───── Data excerpts

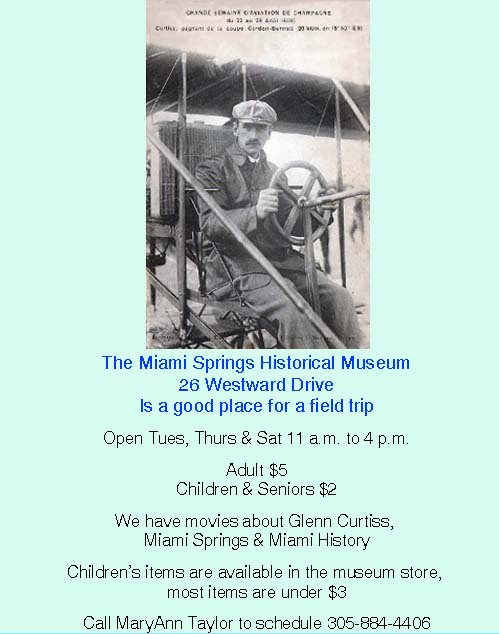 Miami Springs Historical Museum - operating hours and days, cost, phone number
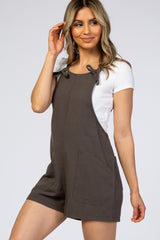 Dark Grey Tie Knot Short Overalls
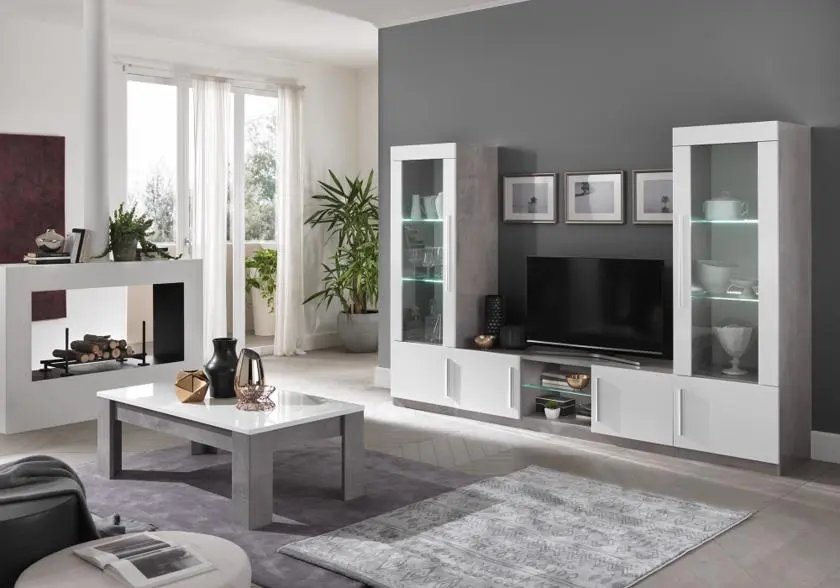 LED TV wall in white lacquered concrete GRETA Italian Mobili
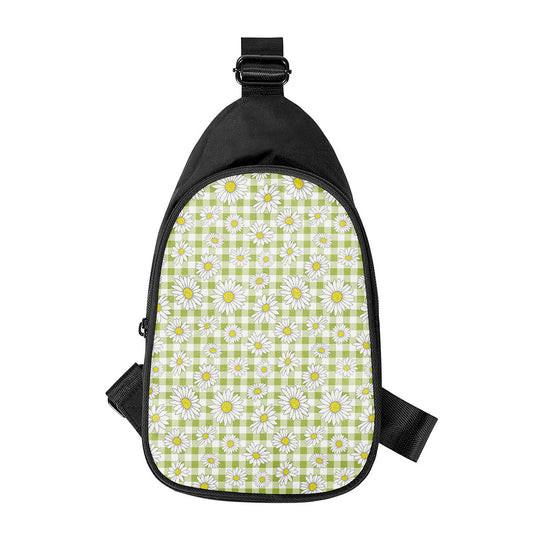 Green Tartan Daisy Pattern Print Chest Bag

──────────
───── Data excerpts

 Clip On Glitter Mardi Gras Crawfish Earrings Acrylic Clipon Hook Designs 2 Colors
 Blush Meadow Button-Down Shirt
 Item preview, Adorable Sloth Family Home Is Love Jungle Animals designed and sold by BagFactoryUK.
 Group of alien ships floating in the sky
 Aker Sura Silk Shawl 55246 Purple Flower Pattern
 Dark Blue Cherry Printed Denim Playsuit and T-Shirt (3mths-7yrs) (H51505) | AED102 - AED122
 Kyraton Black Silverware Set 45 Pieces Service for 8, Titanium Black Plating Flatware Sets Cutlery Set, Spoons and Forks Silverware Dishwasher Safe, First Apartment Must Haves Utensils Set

──────────

Having found the line with "Dark Grey Tie Knot Short Overalls" and the line with "Green Tartan Daisy Pattern Print Chest Bag" in the material above, write out exactly those two and every line between, leaving the pictures out.

Solution for this task:
 Dark Grey Tie Knot Short Overalls
 LED TV wall in white lacquered concrete GRETA Italian Mobili
 Green Tartan Daisy Pattern Print Chest Bag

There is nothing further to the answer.